Provided data:
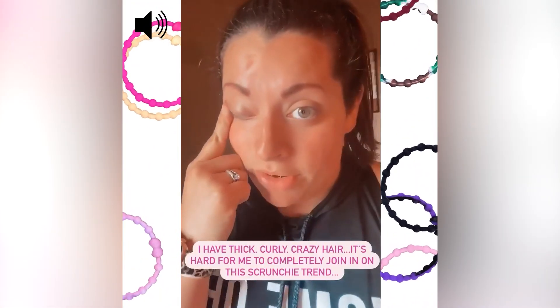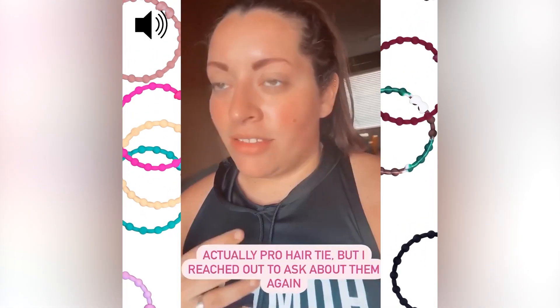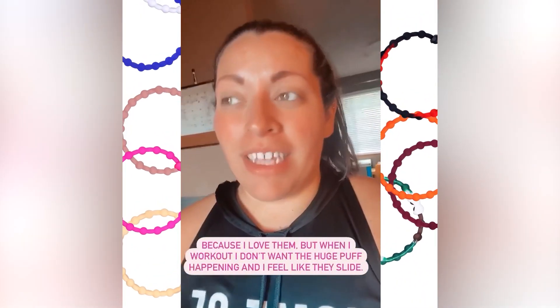I thought they were really cool. I like them so I thought I would share. I have thick hair and curly, crazy — you name it, I probably have it. Hair scrunchies are great but when I work out I don't want this big poof, and I feel like they slide.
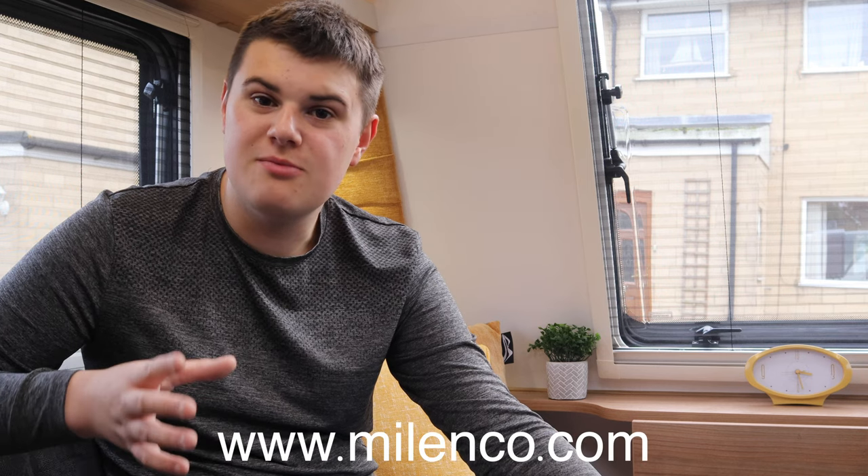That's my video about caravan security. A massive thank you to Malenko for sending us the Wraith and the original wheel clamp — the hitch lock is one of mine, which is why you might have seen scratches and scrapes on it. I've put links to all the Malenko products in the description, along with some affiliate Amazon links — if you purchase through those links I do get a small commission. The Malenko website has all the important information, Sold Secure ratings, and accreditation for all the clamps, so I highly recommend checking it out.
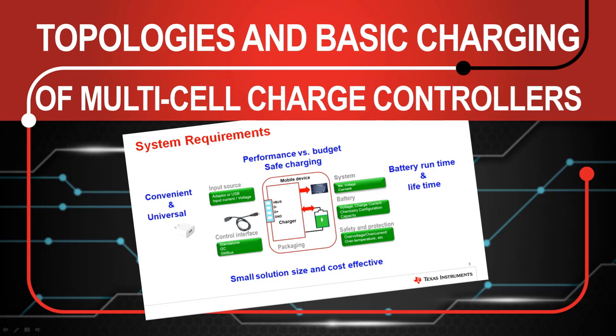Hello, and welcome to the Multi-Cell Charging Controllers training on NVDC and Hybrid Boost topologies.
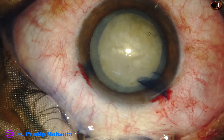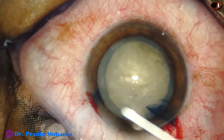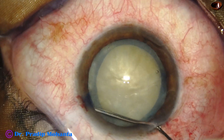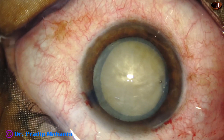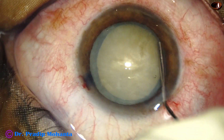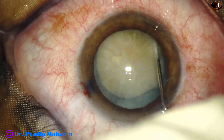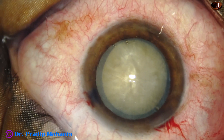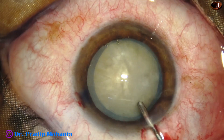Since the nucleus appears quite hard, the rhexis size is about 6 millimeters. And now hydrodissection is done and the nucleus is mobilized. And now the anterior chamber is again filled up with visco.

Your goal: Everything in the data except the pictures needs to be written out exactly.

Response to this exercise:
I thought they were really cool. I like them so I thought I would share. I have thick hair and curly, crazy — you name it, I probably have it. Hair scrunchies are great but when I work out I don't want this big poof, and I feel like they slide.
That's my video about caravan security. A massive thank you to Malenko for sending us the Wraith and the original wheel clamp — the hitch lock is one of mine, which is why you might have seen scratches and scrapes on it. I've put links to all the Malenko products in the description, along with some affiliate Amazon links — if you purchase through those links I do get a small commission. The Malenko website has all the important information, Sold Secure ratings, and accreditation for all the clamps, so I highly recommend checking it out.
Hello, and welcome to the Multi-Cell Charging Controllers training on NVDC and Hybrid Boost topologies.
Since the nucleus appears quite hard, the rhexis size is about 6 millimeters. And now hydrodissection is done and the nucleus is mobilized. And now the anterior chamber is again filled up with visco.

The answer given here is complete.